Le statut avancé consiste d'abord à ce que le champ d'action des rapports entre le Maroc et l'Union européenne soit élargi à d'autres secteurs comme par exemple celui des services qui jusqu'ici n'a pas du tout été étudié et concrétisé.
Il y a aussi par rapport au Maroc l'important volet agricole. Vous savez que notre pays exporte la majeure partie de ses produits sur l'Union européenne, mais malheureusement nous avons eu jusqu'ici des blocages de la part de l'Union européenne du fait de la Politique agricole commune (PAC).
Donc nous souhaitons également dans ce secteur agricole beaucoup plus d'ouverture des marchés européens. Un troisième volet à mon avis, qui est aussi important sur le plan culturel, qui est, disons-le, lié à la libre circulation des Maghrébins vers l'UE, en tout cas aller vers une facilitation de la circulation des personnes car sans celle-ci on ne peut pas construire quelque chose de concret ni d'efficace.
Le Maroc ne se trouve-t-il pas de nos jours devant un dilemme cruel, à savoir traiter de libre-échange avec l'Europe et en même temps une négociation très avancée d'un accord de libre-échange avec les Etats-Unis. Est-ce-qu'il n'y a pas une contradiction ? Comment vous voyez les choses ?
Non je ne pense pas.

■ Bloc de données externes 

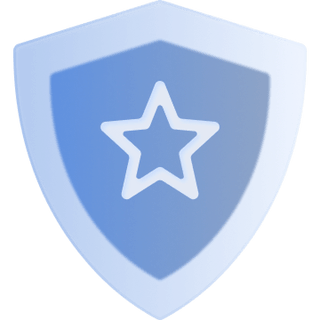 Transactions on Hordom Markholm kept safe through top-tier security features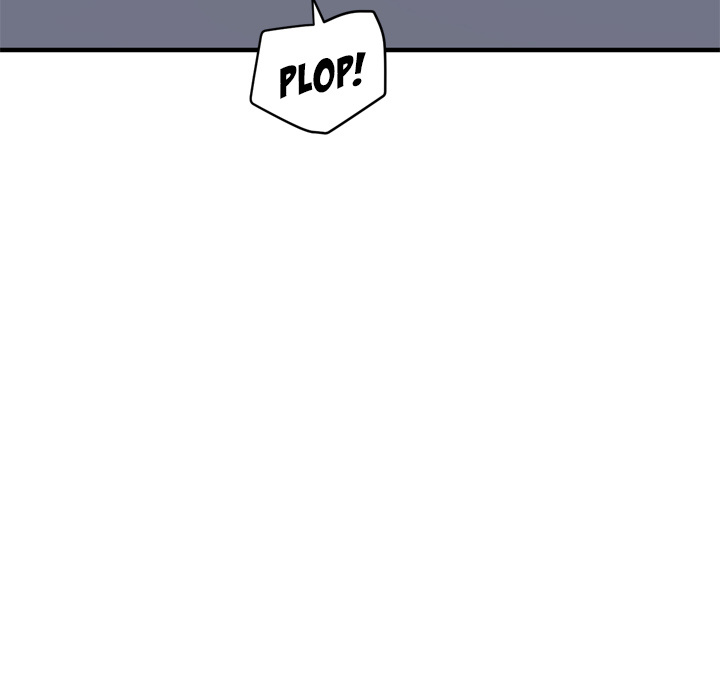 Wife Training Chapter 13 image 40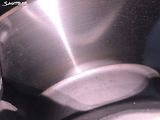 Ford Mondeo BEZ DPF,KRÁSNÉ,1MAJ55L,SERVIS - náhled 16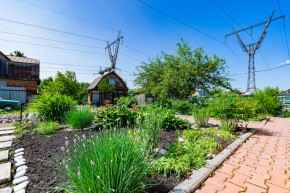 ул. Европейская,76 в Волчанске - volchansk.yutvil.ru - фото 38
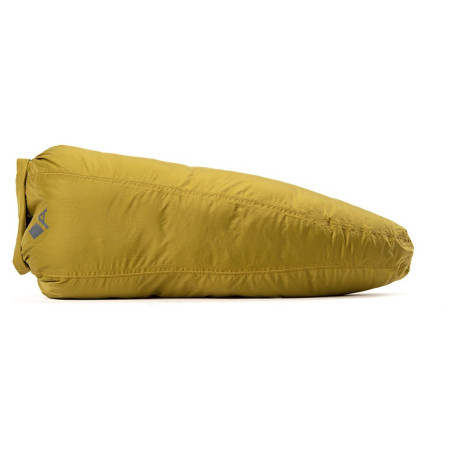 Torbica pod sjedište Acepac Saddle bag MKIII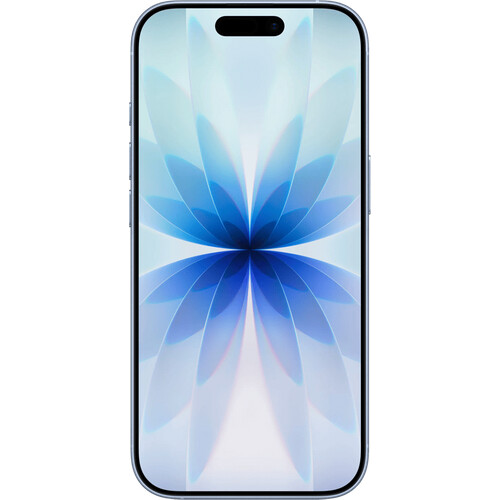 Tweedekans iPhone 17 512GB Tweedehands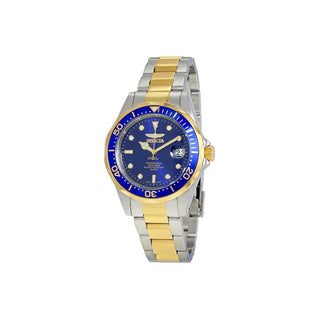 Invicta Pro Diver Quartz 8935 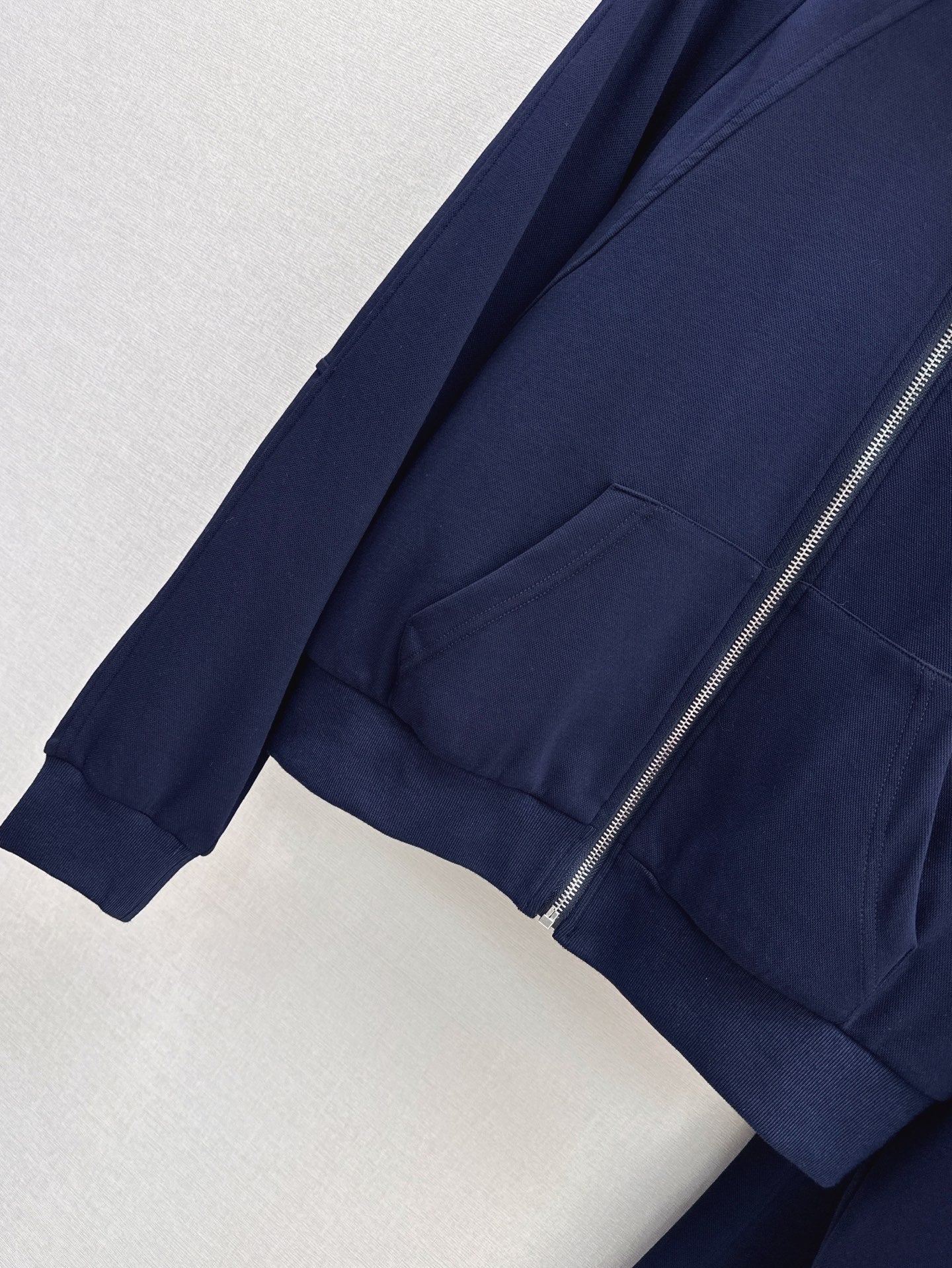 Mi 25ss tracksuit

Sur le plan juridique le Maroc a tout à fait le droit de conclure des accords avec autres que l'Union européenne, et notamment des accords de libre-échange. Je pense que cet accord avec les E.U. sera complémentaire avec celui que nous avons déjà avec l'U.E.
Comment voyez- vous à terme l'évolution du dossier d'intégration des pays maghrébins ?
En tant que Maghrébin, et j'ai toujours défendu dans mes écrits et dans mes paroles la nécessité de faire le Maghreb et donc je voudrai être optimiste pour que ce Maghreb soit réellement fait. Mais il y a effectivement ce problème du Sahara qu'il faudrait discuter de façon franche et non pas utiliser la langue de bois comme malheureusement cela se fait dans plusieurs réunions maghrébines. Il faut en parler et essayer de le résoudre car c'est ce qui bloque actuellement l'Union du Maghreb.
Une question d'actualité, aujourd'hui, on a officialisé la fusion entre BCM et Wafabank ; qu'est-ce-que vous en pensez?
Je pense que c'est une excellente chose, car quand le Maroc et le Maghreb, lorsqu'ils vont s'associer plus étroitement avec l'Union européenne, il aura besoin d‘institutions et notamment d'institutions financières très fortes. Le fait que BCM et Wafabank vont être la première banque au Maroc est je pense une très bonne chose pour le pays et pour l'avenir des relations entre notre pays et l'U.E.
Vous êtes optimiste sur ce qu'on appelle actuellement la mise à niveau qui est opérée au niveau des instances politiques et des institutions de l'environnement économique ?
Cette mise à niveau est absolument nécessaire. Il faut rappeler qu'en 2012, les frontières seront complètement ouvertes et nous risquons d'avoir une concurrence très vive de la part des produits de l'Union européenne sur notre marché.
Cette mise à niveau a déjà commencé il y a quelques années. Il faut dire que la CGEM a beaucoup agi dans ce sens, le gouvernement aussi. Alors, petit à petit les entreprises sont maintenant sensibilisées à ce problème et commencent à prendre des mesures accompagnées de moyens de financement qu'aussi bien l'Union européenne que le gouvernement marocain et les banques mettent à la disposition des entreprises marocaines.
Votre livre tombe à point nommé dans le contexte actuel ?
Je le pense et souhaite vraiment que ce livre puisse contribuer à sensibiliser tous les moyens. J'insiste sur le fait que la société civile, marocaine mais bien sûr maghrébine, doit se mobiliser. Les politiques ne doivent pas à eux seuls régler tous les problèmes. Nous avons nous aussi une responsabilité. Et je souhaite que les milieux intellectuels, les artistes, les femmes et les hommes d'affaires se réunissent et se fédèrent pour créer une opinion publique favorable au Maghreb.